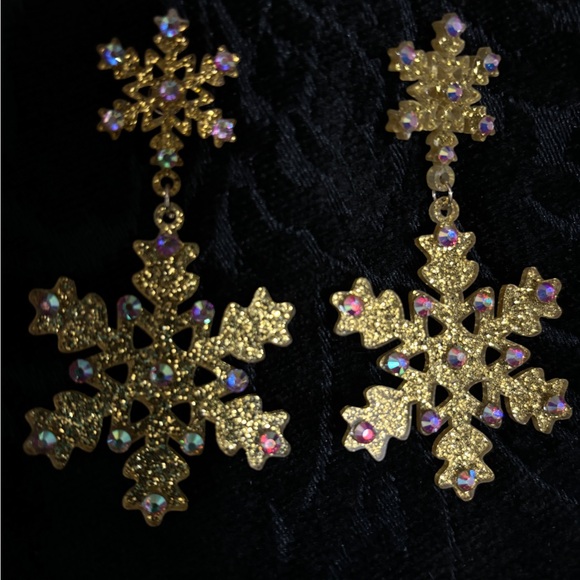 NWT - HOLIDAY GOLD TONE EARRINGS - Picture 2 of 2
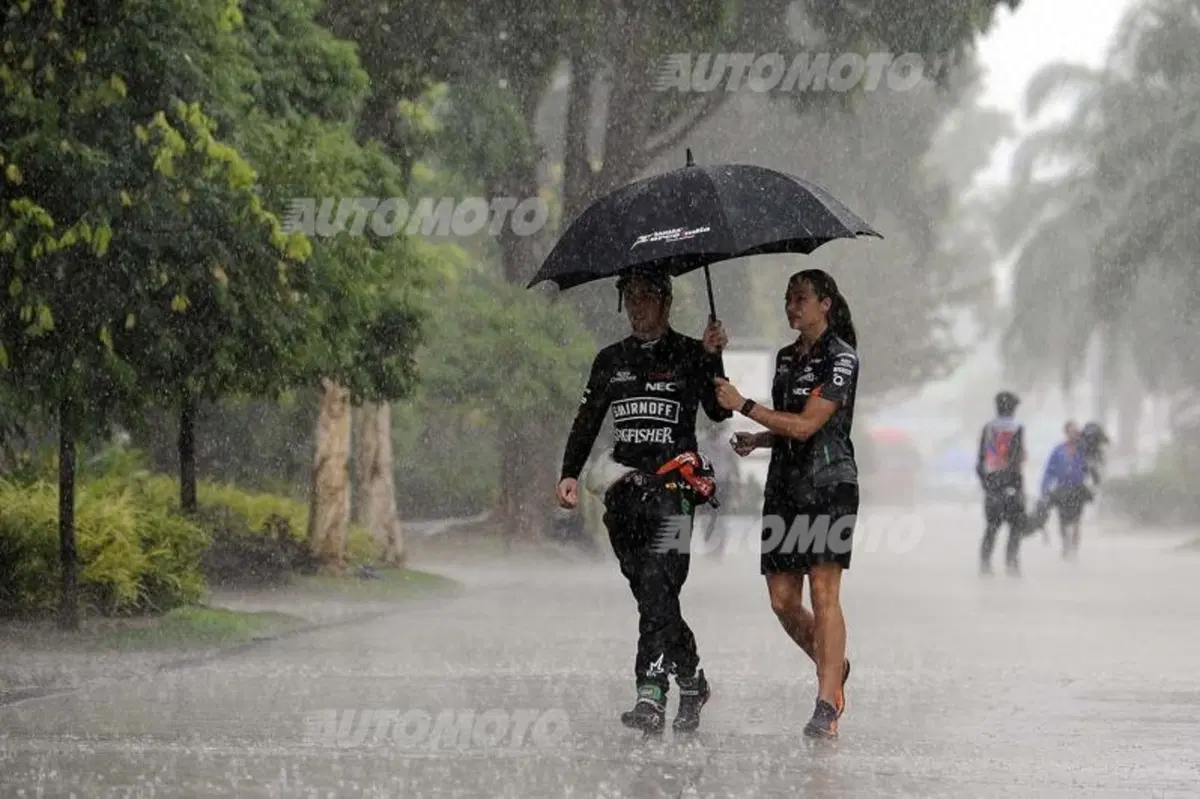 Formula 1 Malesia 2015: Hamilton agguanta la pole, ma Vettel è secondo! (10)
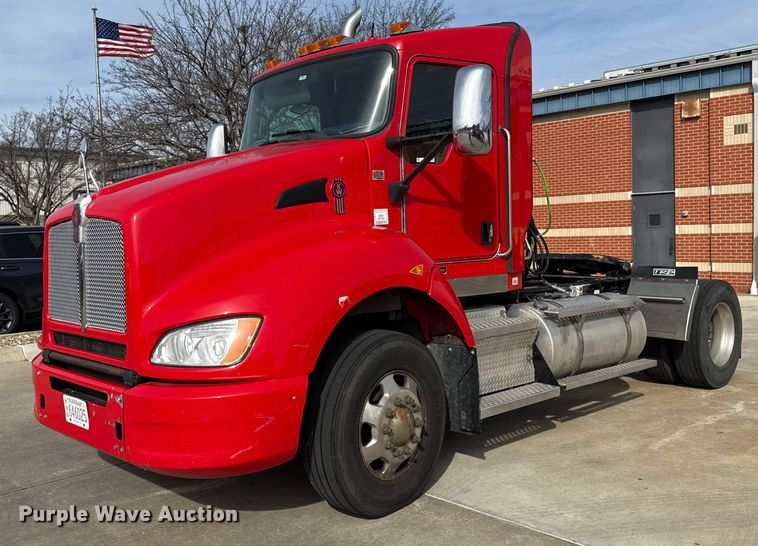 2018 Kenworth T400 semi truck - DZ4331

● Task
Find the line containing "Formula 1 Malesia" and copy it and each line after it through the end of the material, exactly, with no pictures.

● Exercise response
 Formula 1 Malesia 2015: Hamilton agguanta la pole, ma Vettel è secondo! (10)
 2018 Kenworth T400 semi truck - DZ4331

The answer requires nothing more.